YOUR INSTRUCTIONS: Within the entries below, output exactly the lines between the line containing "The quality and" and the line containing "That's the last", inclusive, and omit any picture.

── INPUT ──

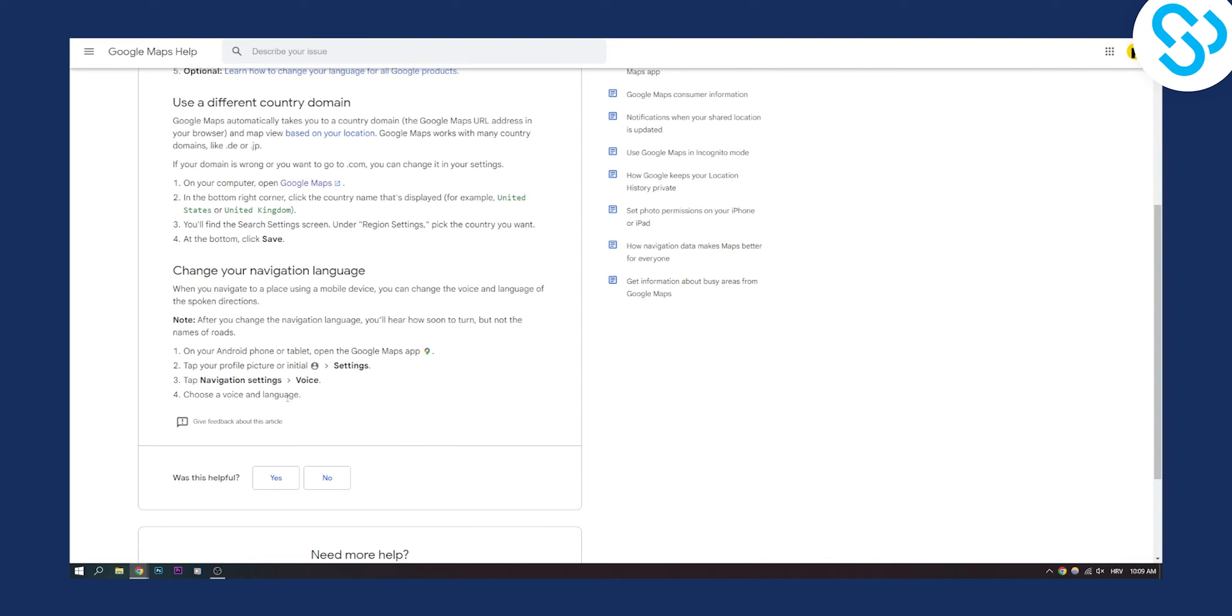I think you can choose also female or male voice if I'm not mistaken, but yeah that's pretty much how it works. Again, if you have any questions or comments, comment down below and we'll see you in the next video. Thank you guys for watching.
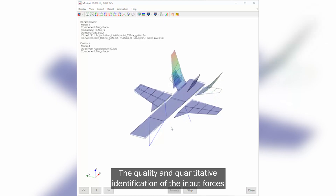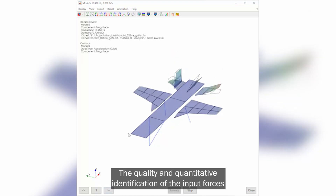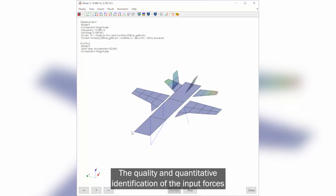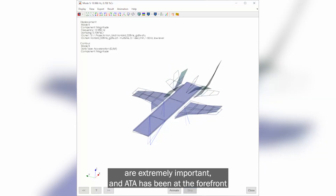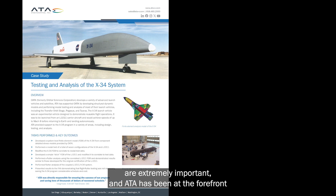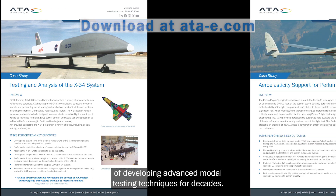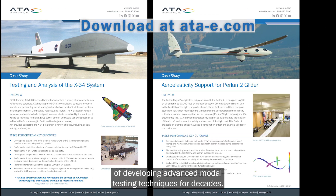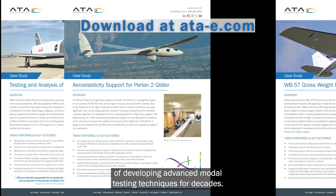The quality and quantitative identification of the input forces are extremely important, and ATA has been at the forefront of developing advanced modal testing techniques for decades.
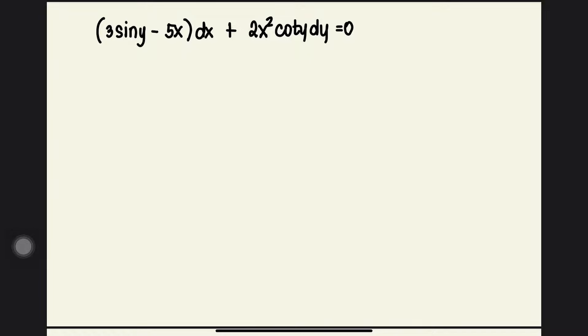Let us solve the differential equation: (3 sin y − 5x) dx + 2x² cot y dy = 0.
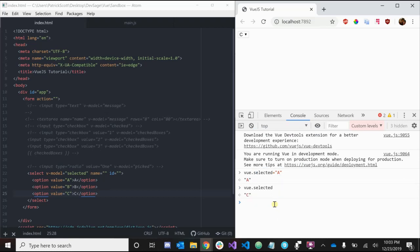So that's a little bit about how form bindings work in Vue.js. If you have any questions, leave them in the comment section, subscribe if you want more content, and peace.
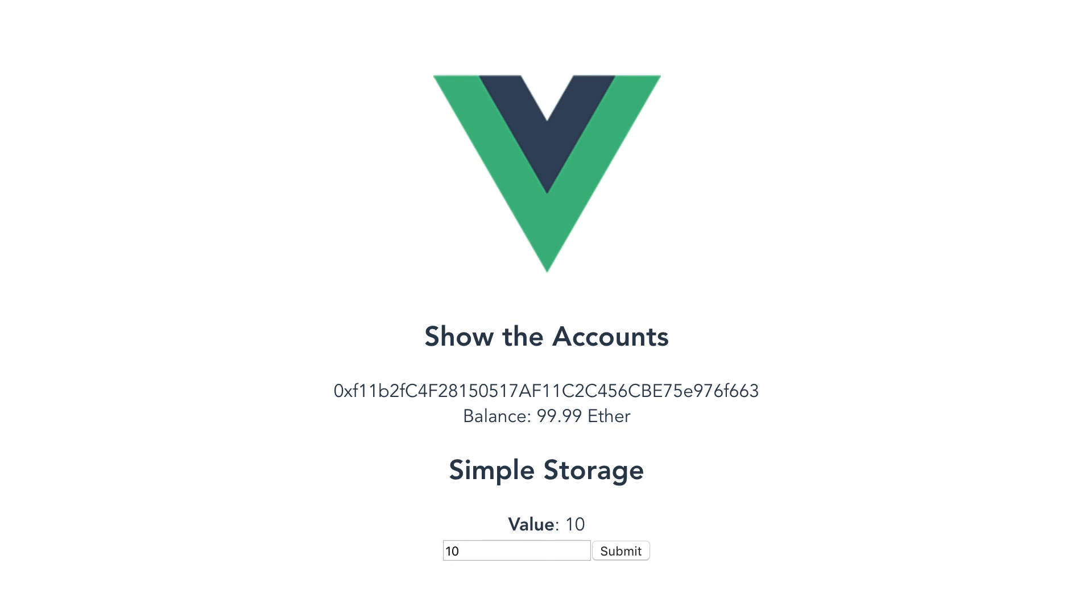That's the last video of this series on how to build Ethereum dApp with Vue. If you haven't watched the previous videos of the series, go check them out. That's the end of the tutorial and the video, thanks for watching!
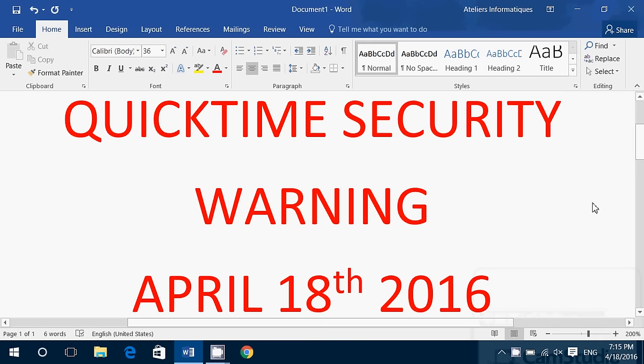Hey, welcome to this Windows channel. This is a very quick video to warn everybody about QuickTime. QuickTime is a piece of software from Apple computers, and it has not been updated in a very long time. For Windows users, there is a really big security risk. It first came out of the Department of Homeland Security in the United States — they mentioned how this software is very bad right now and should be removed from every Windows machine.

───

ANSWER AREA:
The quality and quantitative identification of the input forces are extremely important, and ATA has been at the forefront of developing advanced modal testing techniques for decades.
Let us solve the differential equation: (3 sin y − 5x) dx + 2x² cot y dy = 0.
So that's a little bit about how form bindings work in Vue.js. If you have any questions, leave them in the comment section, subscribe if you want more content, and peace.
That's the last video of this series on how to build Ethereum dApp with Vue. If you haven't watched the previous videos of the series, go check them out. That's the end of the tutorial and the video, thanks for watching!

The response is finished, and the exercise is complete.